§ **WHAT YOU ARE ASKED TO DO**: All of the records below are to be printed exactly; the pictures are to be left out.

Short web captions
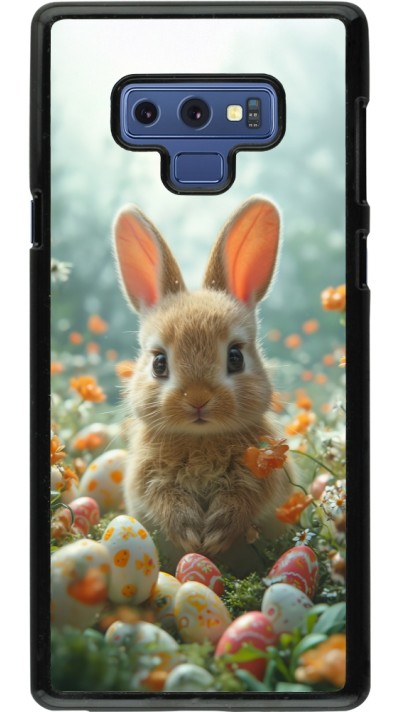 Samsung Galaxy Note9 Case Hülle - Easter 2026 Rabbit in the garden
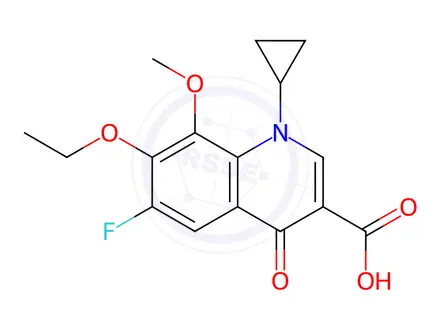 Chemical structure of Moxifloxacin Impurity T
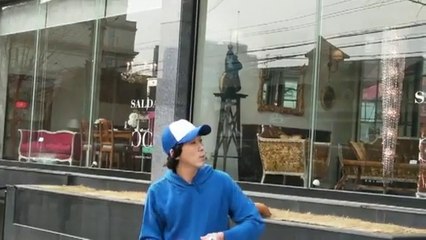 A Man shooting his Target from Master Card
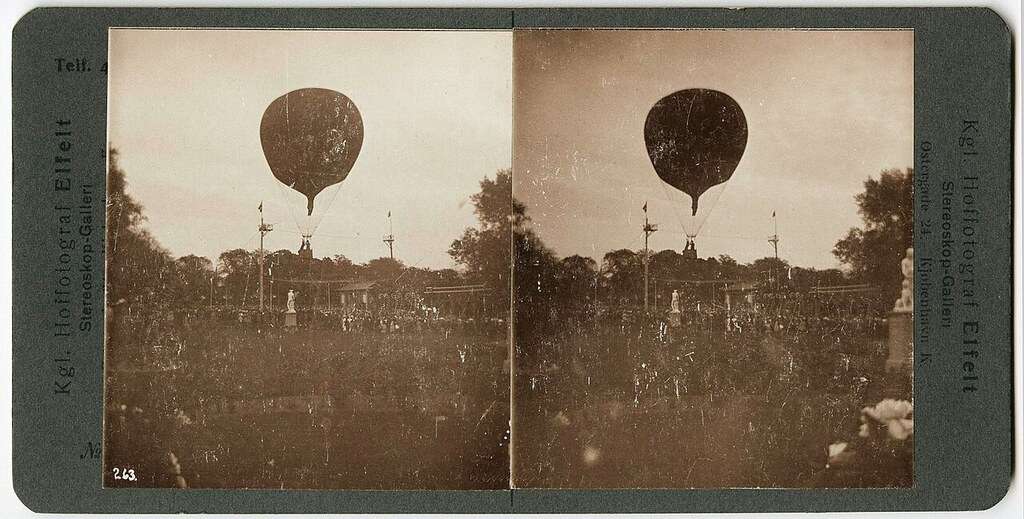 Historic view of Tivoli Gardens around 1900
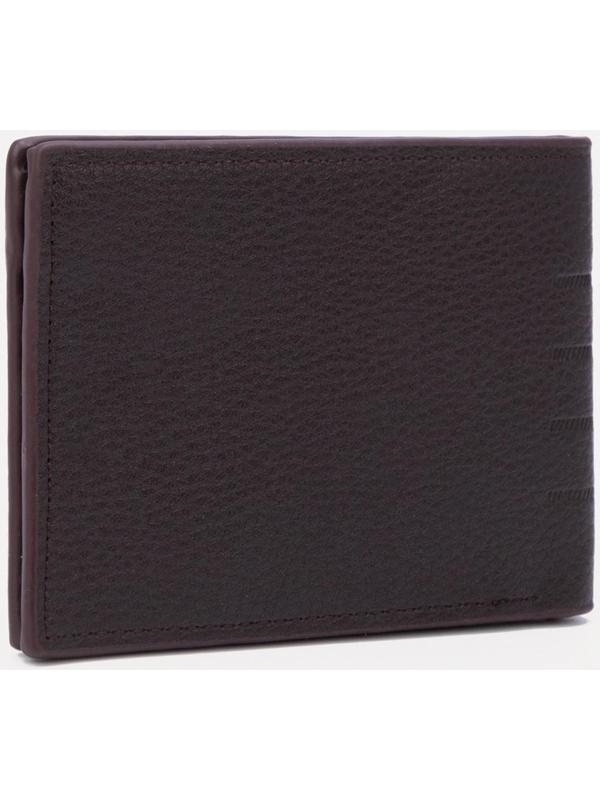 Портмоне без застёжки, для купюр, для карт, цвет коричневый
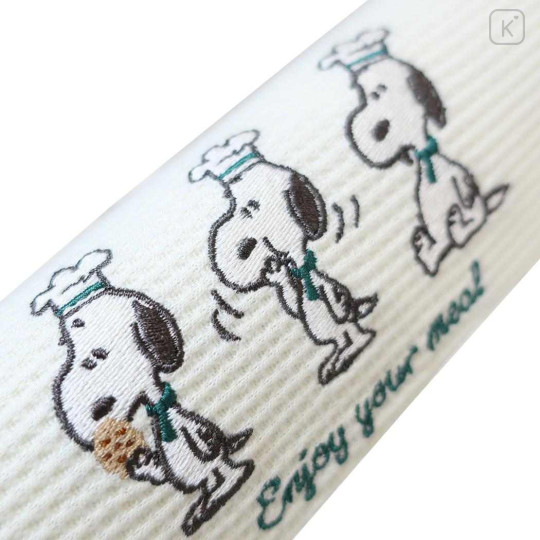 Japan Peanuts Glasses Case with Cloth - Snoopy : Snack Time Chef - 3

§ **WRITTEN ANSWER**:
 Samsung Galaxy Note9 Case Hülle - Easter 2026 Rabbit in the garden
 Chemical structure of Moxifloxacin Impurity T
 A Man shooting his Target from Master Card
 Historic view of Tivoli Gardens around 1900
 Портмоне без застёжки, для купюр, для карт, цвет коричневый
 Japan Peanuts Glasses Case with Cloth - Snoopy : Snack Time Chef - 3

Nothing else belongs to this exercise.